International Accreditation New Zealand (IANZ), a Crown agency that assesses the competence of inspection bodies, has revoked the council's accreditation as a building consents authority. The council was given due warning a month ago that this could happen unless it met its statutory timeframes for considering building applications.
Obviously, the council's staff are facing an unusual workload. They have been receiving an average of 35 applications a day and the work was backing up at every stage in their process. But the workload was entirely predictable once the rebuild was ready to start and the council ought to have ensured it would be geared up for it.
Yet, even after the IANZ warning, not enough has happened. Just two weeks ago Mayor Bob Parker expressed confidence that the council would meet the deadline for improvement. Its failure to do so has done nothing for his prospects of re-election this year, even if the blame primarily lies with the council's chief executive, Tony Marryatt, who did not tell the mayor and council about the threat to the council's accreditation until it was in the news.

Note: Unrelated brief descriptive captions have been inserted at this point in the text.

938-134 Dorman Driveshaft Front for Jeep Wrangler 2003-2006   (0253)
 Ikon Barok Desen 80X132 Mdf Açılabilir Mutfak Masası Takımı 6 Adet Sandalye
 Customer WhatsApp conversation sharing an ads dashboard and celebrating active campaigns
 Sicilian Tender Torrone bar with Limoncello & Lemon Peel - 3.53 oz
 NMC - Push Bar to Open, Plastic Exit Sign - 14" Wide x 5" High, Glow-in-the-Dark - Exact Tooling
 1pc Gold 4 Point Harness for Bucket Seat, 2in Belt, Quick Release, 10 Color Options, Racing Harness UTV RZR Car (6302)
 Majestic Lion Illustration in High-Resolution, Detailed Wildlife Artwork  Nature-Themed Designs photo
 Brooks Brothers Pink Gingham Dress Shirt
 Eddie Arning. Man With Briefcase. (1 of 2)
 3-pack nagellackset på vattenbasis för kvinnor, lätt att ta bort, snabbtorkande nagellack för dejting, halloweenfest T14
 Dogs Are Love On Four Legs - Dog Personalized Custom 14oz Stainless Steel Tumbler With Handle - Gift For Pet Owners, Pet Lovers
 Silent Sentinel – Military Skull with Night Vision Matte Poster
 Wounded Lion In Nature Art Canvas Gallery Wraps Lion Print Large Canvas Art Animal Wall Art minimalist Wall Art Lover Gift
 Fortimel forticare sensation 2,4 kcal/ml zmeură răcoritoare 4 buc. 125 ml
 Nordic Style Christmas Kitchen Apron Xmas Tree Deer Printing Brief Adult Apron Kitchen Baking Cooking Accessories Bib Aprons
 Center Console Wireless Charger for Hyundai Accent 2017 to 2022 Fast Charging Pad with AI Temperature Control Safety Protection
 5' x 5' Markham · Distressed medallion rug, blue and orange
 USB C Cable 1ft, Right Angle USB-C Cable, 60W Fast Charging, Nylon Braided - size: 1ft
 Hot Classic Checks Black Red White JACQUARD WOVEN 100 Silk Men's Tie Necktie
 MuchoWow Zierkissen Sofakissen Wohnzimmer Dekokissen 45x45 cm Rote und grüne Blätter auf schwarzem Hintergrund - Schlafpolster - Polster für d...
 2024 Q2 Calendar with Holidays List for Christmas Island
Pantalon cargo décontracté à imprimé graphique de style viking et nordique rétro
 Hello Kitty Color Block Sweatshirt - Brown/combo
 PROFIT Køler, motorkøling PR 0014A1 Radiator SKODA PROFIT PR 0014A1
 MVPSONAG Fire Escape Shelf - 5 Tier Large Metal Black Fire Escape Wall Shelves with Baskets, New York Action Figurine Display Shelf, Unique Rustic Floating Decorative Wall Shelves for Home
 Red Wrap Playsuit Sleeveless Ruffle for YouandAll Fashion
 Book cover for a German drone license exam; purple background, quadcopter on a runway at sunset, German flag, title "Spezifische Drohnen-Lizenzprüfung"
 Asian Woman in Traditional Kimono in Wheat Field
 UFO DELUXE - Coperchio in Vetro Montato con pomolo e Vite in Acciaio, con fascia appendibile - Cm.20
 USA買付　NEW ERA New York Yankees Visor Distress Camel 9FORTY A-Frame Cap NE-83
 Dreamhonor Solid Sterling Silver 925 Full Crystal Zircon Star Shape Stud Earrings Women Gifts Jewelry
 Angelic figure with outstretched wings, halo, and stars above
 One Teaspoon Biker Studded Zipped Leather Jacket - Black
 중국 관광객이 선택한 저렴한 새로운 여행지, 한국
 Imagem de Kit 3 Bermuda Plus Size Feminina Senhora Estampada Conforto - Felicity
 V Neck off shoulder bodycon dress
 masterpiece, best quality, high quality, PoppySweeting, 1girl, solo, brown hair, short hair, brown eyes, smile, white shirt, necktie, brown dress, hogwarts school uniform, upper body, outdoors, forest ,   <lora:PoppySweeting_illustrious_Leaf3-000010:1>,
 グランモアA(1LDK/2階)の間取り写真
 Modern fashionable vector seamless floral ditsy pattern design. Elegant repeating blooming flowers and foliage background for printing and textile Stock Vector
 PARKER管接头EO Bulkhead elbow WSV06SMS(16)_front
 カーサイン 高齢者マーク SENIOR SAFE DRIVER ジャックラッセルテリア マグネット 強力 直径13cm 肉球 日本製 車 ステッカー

Mr Marryatt said he kept them in the dark because he was confident council staff were addressing issues raised by IANZ, and that the June 28 deadline would be met. Earthquake Recovery Minister Gerry Brownlee did not share that confidence. He and Construction Minister Maurice Williamson have a contingency plan prepared for the likelihood the council would lose accreditation.
The Christchurch council feels aggrieved. It claims to have been completing 80 per cent of consents within the statutory time, though Mr Williamson says the completion rate was only 75 per cent. The mayor says there is not a council in the country that gets all its consents done in the statutory timeframe, which may be true.
Builders and property owners in many other parts of New Zealand will be surprised to learn there is such a body as International Accreditation NZ with the power to hold consenting authorities to account. It is not unusual anywhere to find that weeks go by before council staff are aware an application has been filed.
But if local body officers are ever capable of being seized by a sense of urgency and making decisions with dispatch, it surely would have happened in Christchurch. The earthquakes have left some of its older residential areas unsuitable for rebuilding. The residents urgently need new homes in new communities. Engineers and developers have done the preliminary work. Building consents should not be unduly difficult.
The barriers around the central business district were finally cleared away at the weekend. The city centre is now tidy and ready for redevelopment. The Government has committed funds for some big public projects that it hopes will attract private commercial investment. It is important that council officers do not treat the blueprint as a straitjacket. Building consents need to be permissive, flexible, constructive and quick.
The elected council ought to be in charge of consents so that the people of Christchurch feel they have had a fair say in shaping their new city. It is a drastic step to take that role away, but it has been taken by an objective professional authority. Councils everywhere should take note and raise their game.